Problem description: Your task is to return, word for word, only the lines from the line with "Person på stige" through the close of the data. Exclude all pictures.

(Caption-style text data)
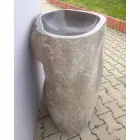 Lavabo bagno design a colonna in pietra naturale Mare, pezzo unico Viadurini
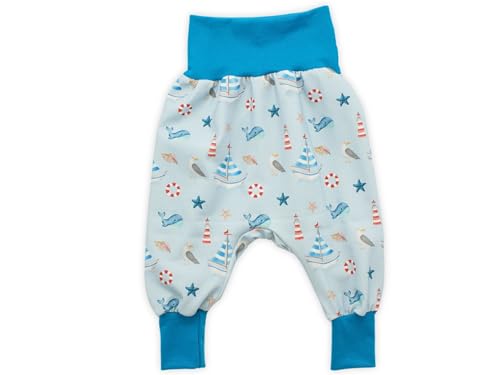 Kleine Könige Pumphose Baby Jungen Hose · Modell Leuchtturm Boot Küstenzauber blau, Petrol · Ökotex 100 Zertifiziert · Größe 62/68 von Kleine Könige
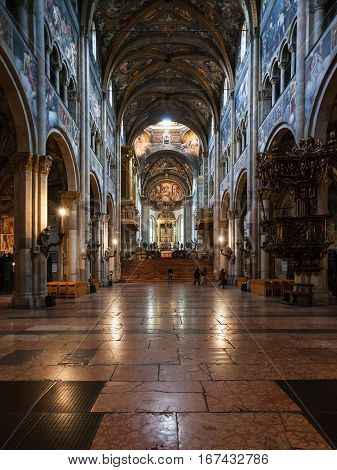 Nave Of Duomo Cathedral In Parma City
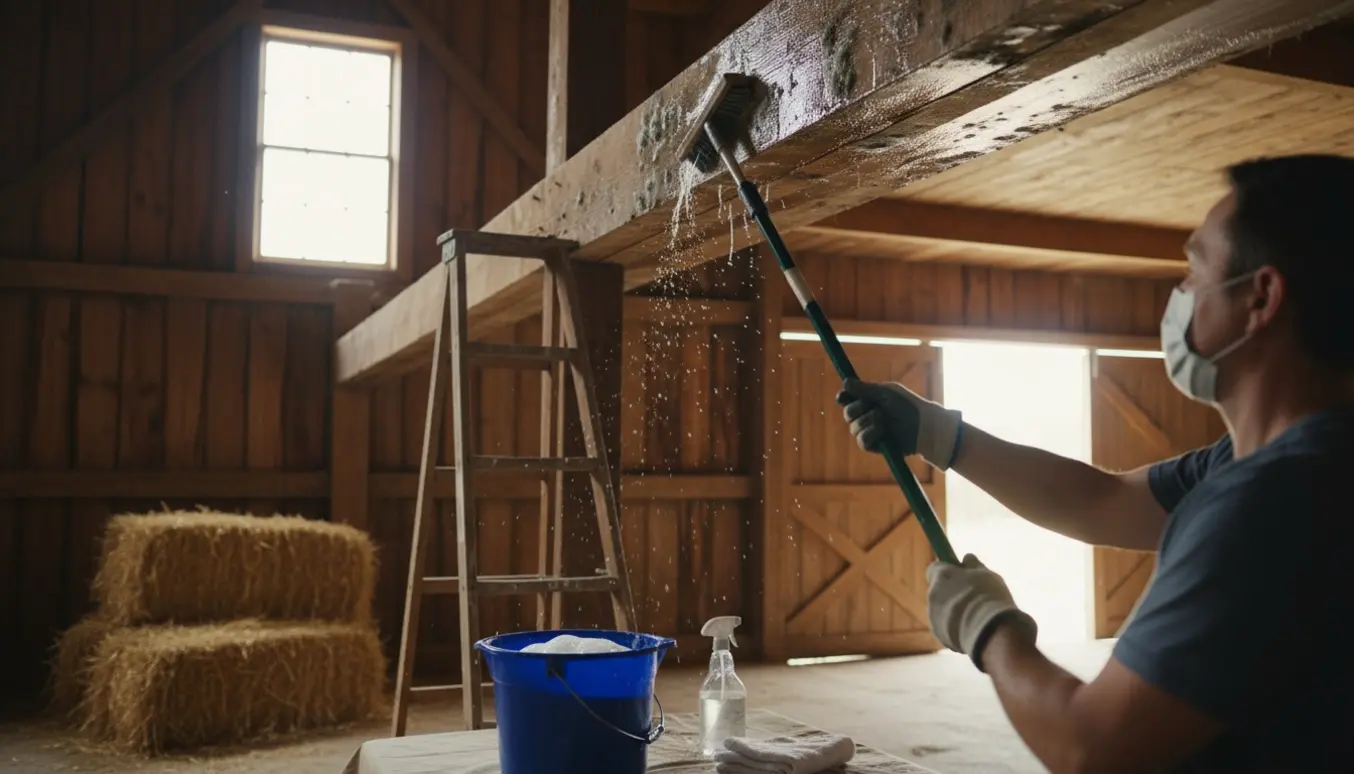 Person på stige vasker mug fra et træloft i en stald med balje og børste i forgrunden.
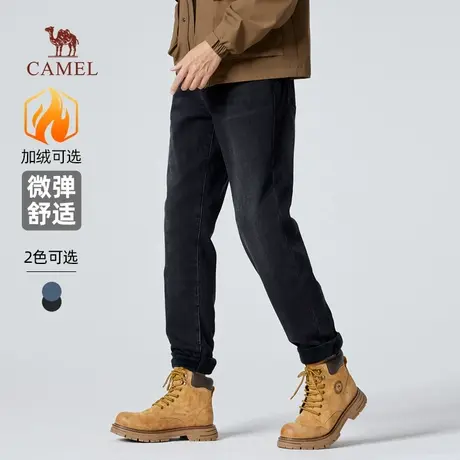 骆驼男装直筒牛仔裤男士2025新款冬季棉感加绒保暖弹力休闲长裤子图片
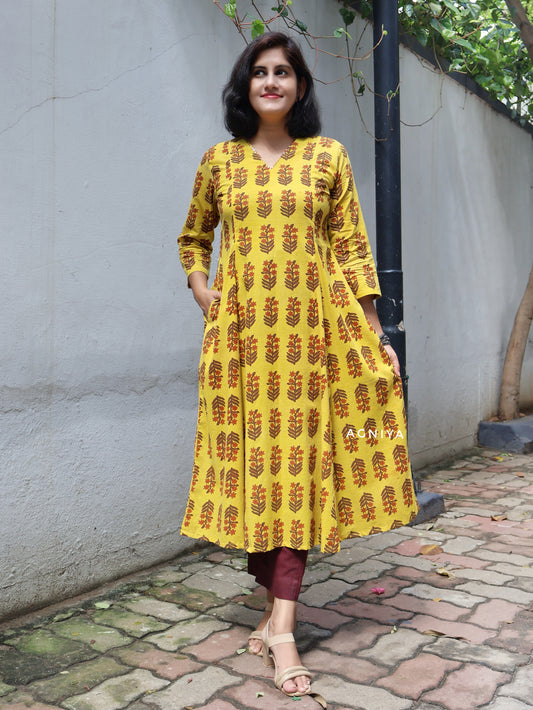 Yellow Ajrakh Cotton Hand Block Paneled Long Kurta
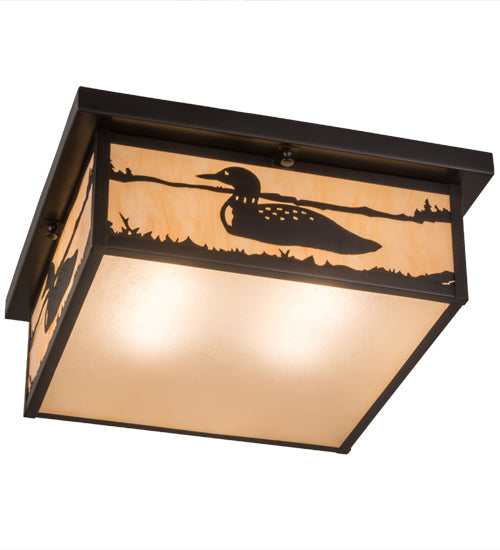 Meyda Lighting Hyde Park 23" 4-Light Craftsman Brown Loon Flush Mount Light With Sahara Taupe & Frosted Rainstone Idalight Shade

Reply:
 Person på stige vasker mug fra et træloft i en stald med balje og børste i forgrunden.
 骆驼男装直筒牛仔裤男士2025新款冬季棉感加绒保暖弹力休闲长裤子图片
 Yellow Ajrakh Cotton Hand Block Paneled Long Kurta
 Meyda Lighting Hyde Park 23" 4-Light Craftsman Brown Loon Flush Mount Light With Sahara Taupe & Frosted Rainstone Idalight Shade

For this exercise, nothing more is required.